2.   For the purpose of these Conditions:

 

(a)  the "wider Wireless group" means Wireless and its subsidiaries, subsidiary undertakings and any other undertaking in which Wireless and such undertakings (aggregating their interests) have a significant interest and for the purposes of these conditions "subsidiary", "subsidiary undertaking" and "undertaking" have the respective meanings given by the Act and "significant interest" means a direct or indirect interest in 20 per cent. or more of the equity capital of an undertaking; and

 

(b)  the "wider News group" means News Corp and News Corp (UK & Ireland) and their respective subsidiaries and subsidiary undertakings, any holding company of News Corp or News Corp (UK & Ireland), any subsidiary or subsidiary undertaking of any such holding company and any other undertaking in which any of such companies has a significant interest (as defined above).

Part B: Certain further terms of the Offer

1.   Each of the Conditions shall be regarded as a separate Condition and shall not be limited by reference to any other Condition.

2.   News Corp (UK & Ireland) reserves the right to waive (if capable of waiver) in whole or in part all or any of the Conditions in paragraphs 1(b) to 1(k) inclusive. Conditions at paragraphs 1(b) to 1(k) inclusive, if not waived (where permitted or capable of waiver), must be fulfilled within 21 days after the later of the First Closing Date and the date on which Condition 1(a) is fulfilled (or, in each case, such later date as the Panel may agree) failing which the Offer will lapse. News Corp (UK & Ireland) shall be under no obligation to waive or treat as fulfilled any of the Conditions 1(b) to 1(k) inclusive by a date earlier than the date specified above for the fulfilment thereof notwithstanding that the other Conditions of the Offer may at such earlier date have been fulfilled and that there are as at such earlier date no circumstances indicating that any of such Conditions may not be capable of fulfilment.

3.   If News Corp (UK & Ireland) is required by the Panel to make an offer for the Wireless Shares under the provisions of Rule 9 of the Takeover Code, News Corp (UK & Ireland) may make such alterations to the Conditions as are necessary to comply with the provisions of that Rule.
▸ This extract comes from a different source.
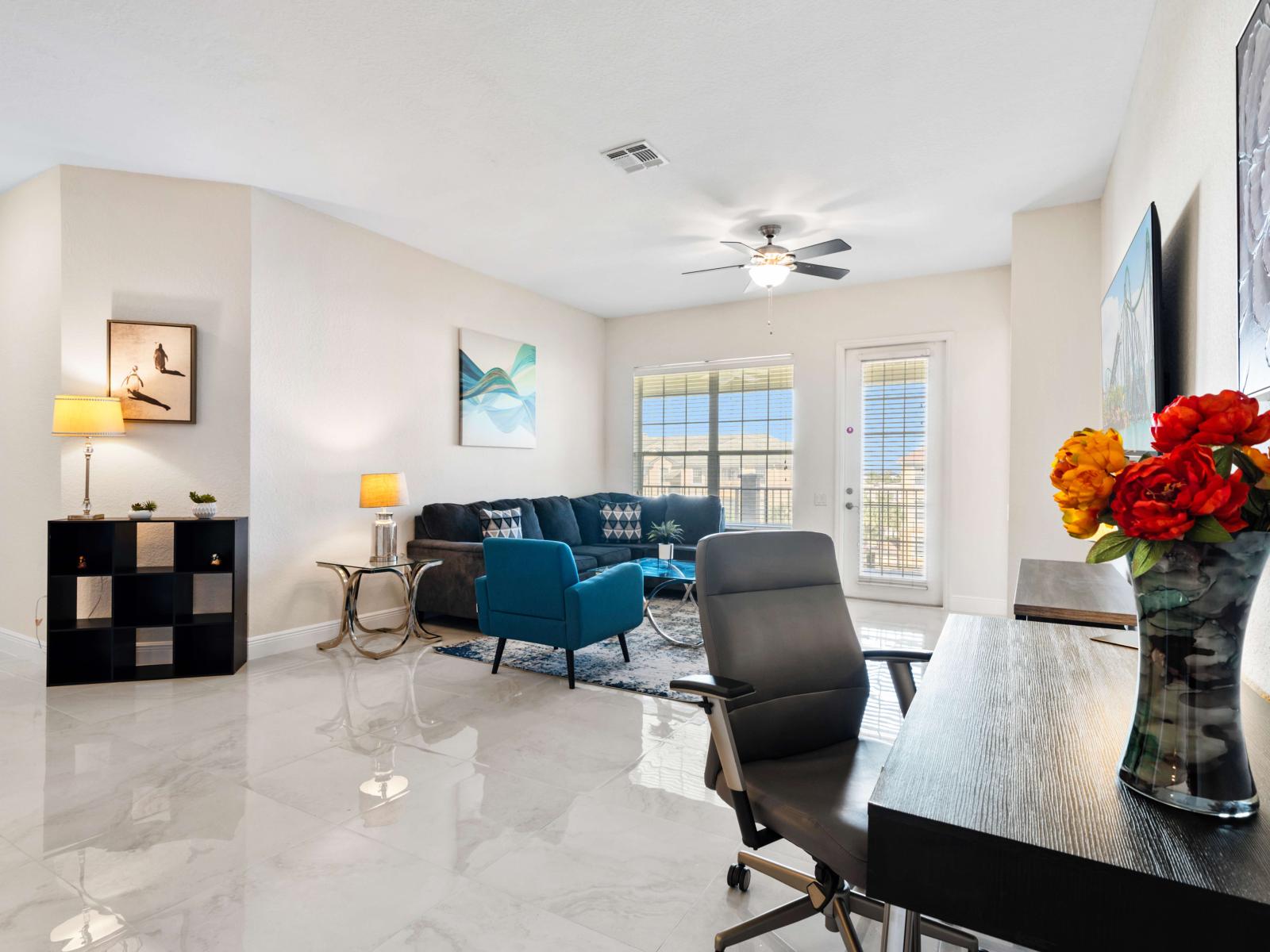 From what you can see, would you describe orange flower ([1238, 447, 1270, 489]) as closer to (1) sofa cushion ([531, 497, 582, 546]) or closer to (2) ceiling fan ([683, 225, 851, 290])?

4.   The Offer is subject to the applicable requirements of the Takeover Code. The Offer and any acceptances under the Offer will be governed by English law and will be subject to the jurisdiction of the courts of England.

5.   The Offer will (unless otherwise agreed with the Panel) lapse if there is a Phase 2 CMA reference of the proposed acquisition of Wireless by News Corp (UK & Ireland) before 3.00 pm on the First Closing Date, or, if later, the date on which the Offer becomes or is declared unconditional as to acceptances. If the Offer lapses, the Offer will cease to be capable of further acceptance and Wireless Shareholders accepting the Offer and News Corp (UK & Ireland) shall, upon the Offer lapsing, cease to be bound by acceptances delivered on or before the date on which the Offer lapses.
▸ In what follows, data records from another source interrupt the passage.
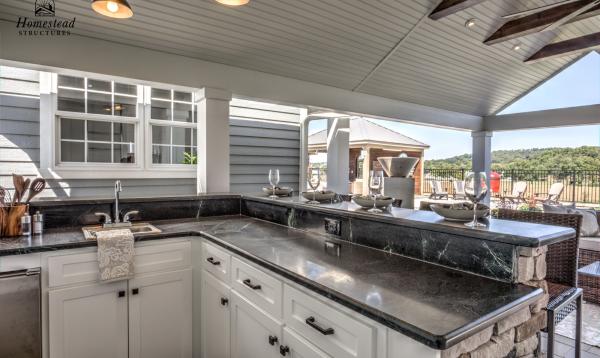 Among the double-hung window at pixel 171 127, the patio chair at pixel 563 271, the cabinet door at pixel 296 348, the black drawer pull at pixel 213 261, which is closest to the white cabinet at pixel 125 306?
the black drawer pull at pixel 213 261

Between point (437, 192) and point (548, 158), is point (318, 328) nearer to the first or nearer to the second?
point (437, 192)

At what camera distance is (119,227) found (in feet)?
8.59

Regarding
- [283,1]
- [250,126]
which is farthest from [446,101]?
[283,1]

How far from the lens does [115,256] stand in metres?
2.12

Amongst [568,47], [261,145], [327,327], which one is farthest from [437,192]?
[327,327]

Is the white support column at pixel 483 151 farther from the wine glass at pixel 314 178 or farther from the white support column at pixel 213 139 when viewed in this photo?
the wine glass at pixel 314 178

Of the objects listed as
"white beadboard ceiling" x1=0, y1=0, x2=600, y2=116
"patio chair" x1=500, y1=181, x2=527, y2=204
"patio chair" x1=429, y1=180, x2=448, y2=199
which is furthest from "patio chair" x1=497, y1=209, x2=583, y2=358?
"patio chair" x1=429, y1=180, x2=448, y2=199

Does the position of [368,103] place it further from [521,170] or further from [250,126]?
[521,170]

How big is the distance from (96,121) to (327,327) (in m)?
4.31

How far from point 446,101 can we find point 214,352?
5.95 metres

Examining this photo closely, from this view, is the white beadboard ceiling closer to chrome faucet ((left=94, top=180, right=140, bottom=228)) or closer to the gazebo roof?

6.   Unless otherwise determined by News Corp (UK & Ireland) or required by the Takeover Code and permitted by applicable law and regulation:

(a)  the Offer is not being, and will not be, made available, directly or indirectly, in or into or by the use of the mails of, or by any other means or instrumentality (including, without limitation, facsimile transmission, telex, telephone, internet or other forms of electronic transmission) of interstate or foreign commerce of, or by any facility of a national state or other securities exchange of any Restricted Jurisdiction and no person may vote using any such use, means, instrumentality or facility or from within any Restricted Jurisdiction; and

(b)  this announcement should not be forwarded or transmitted in or into any jurisdiction in which such act would constitute a violation of the relevant laws in such jurisdiction.
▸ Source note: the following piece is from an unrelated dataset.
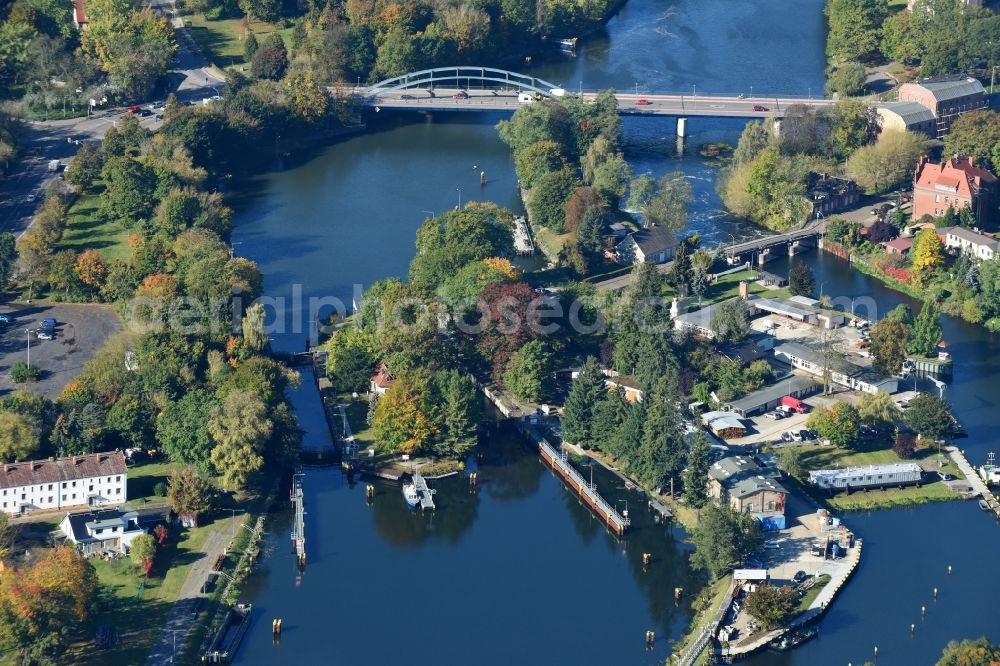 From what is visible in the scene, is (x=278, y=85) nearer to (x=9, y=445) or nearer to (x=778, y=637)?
(x=9, y=445)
7.   The Wireless Shares will be acquired pursuant to the Offer free from all liens, charges and encumbrances, rights of pre-emption and together with the right to receive all dividends and other distributions now or hereafter declared paid or made thereon. Insofar as a dividend and/or distribution and/or return of capital is proposed, declared or made, paid or payable by Wireless in respect of a Wireless Share on or after the date of this announcement, News Corp (UK & Ireland) reserves the right to reduce by the amount of the dividend and/or distribution and/or return of capital, the price payable under the Offer in respect of a Wireless Share (so long as Wireless Shareholders will be entitled to receive and retain that dividend, distribution or return of capital), except insofar as (i) the dividend is in respect of the Special Dividend or the Final Dividend, or (ii) the Wireless Share is or will be transferred pursuant to the Offer on a basis which entitles News Corp (UK & Ireland) alone to receive the dividend and/or distribution and/or returning capital but if that reduction in price as not been effected, the person to whom the Offer price is paid in respect of that Wireless Share will be obliged to account to News Corp (UK & Ireland) for the amount of such dividend and/or distribution and/or return of capital.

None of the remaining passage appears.